» WORK REQUEST
Filter the records for "Frame" and keep each line that has it.

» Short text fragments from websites
=== Section Start ===

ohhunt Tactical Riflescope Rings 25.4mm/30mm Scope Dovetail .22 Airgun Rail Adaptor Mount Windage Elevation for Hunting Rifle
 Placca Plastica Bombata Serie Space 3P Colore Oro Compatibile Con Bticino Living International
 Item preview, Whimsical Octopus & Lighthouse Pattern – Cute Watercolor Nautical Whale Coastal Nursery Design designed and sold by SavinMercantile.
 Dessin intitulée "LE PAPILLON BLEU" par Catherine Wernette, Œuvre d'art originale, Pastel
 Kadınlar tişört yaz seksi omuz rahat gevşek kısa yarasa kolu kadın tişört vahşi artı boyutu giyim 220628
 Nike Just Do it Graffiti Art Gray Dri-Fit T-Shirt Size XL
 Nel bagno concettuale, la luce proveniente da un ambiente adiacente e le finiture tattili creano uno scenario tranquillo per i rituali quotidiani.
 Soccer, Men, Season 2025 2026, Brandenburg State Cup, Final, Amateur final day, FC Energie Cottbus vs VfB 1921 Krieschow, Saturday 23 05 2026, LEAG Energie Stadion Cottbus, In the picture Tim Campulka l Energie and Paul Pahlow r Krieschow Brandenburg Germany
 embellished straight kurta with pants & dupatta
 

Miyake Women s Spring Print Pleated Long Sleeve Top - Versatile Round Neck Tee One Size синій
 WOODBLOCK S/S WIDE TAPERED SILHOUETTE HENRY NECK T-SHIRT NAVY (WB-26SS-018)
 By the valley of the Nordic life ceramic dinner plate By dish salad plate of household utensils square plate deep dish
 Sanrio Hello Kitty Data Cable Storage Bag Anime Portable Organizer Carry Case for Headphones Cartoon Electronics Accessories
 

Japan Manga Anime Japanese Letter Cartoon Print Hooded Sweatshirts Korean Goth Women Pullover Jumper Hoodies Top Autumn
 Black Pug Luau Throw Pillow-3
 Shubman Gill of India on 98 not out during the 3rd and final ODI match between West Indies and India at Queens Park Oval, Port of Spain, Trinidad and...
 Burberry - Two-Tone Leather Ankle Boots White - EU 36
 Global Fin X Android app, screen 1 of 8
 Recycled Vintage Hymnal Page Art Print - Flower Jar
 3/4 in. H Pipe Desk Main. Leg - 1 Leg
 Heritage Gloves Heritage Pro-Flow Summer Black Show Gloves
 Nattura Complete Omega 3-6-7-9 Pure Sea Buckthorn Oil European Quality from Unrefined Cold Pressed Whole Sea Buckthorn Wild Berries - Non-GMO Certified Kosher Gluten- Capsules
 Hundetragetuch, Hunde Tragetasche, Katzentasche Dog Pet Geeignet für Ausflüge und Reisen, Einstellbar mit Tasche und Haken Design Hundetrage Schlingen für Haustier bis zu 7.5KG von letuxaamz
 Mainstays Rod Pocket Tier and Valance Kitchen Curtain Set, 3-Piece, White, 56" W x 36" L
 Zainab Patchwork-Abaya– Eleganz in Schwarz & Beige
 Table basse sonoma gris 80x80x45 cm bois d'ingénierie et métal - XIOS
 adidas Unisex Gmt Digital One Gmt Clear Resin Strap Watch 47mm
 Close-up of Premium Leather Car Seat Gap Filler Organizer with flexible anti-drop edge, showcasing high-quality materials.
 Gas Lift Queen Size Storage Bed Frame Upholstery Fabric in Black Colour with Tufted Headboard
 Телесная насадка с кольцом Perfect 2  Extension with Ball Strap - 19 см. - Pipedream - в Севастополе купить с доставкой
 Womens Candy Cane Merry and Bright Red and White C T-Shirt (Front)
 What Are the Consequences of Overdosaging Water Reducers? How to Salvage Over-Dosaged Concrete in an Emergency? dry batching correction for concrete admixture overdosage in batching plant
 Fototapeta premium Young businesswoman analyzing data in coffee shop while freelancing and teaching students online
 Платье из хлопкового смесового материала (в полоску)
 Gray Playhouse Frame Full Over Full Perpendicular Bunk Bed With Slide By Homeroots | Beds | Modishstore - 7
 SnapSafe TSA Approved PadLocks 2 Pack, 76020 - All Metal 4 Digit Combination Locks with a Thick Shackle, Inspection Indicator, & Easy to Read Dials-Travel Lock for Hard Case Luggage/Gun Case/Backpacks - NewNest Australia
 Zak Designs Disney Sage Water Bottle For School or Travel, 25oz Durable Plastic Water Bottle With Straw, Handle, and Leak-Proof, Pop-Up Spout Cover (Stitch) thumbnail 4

=== Section End ===

» OUTPUT OF THE EXERCISE
 Gas Lift Queen Size Storage Bed Frame Upholstery Fabric in Black Colour with Tufted Headboard
 Gray Playhouse Frame Full Over Full Perpendicular Bunk Bed With Slide By Homeroots | Beds | Modishstore - 7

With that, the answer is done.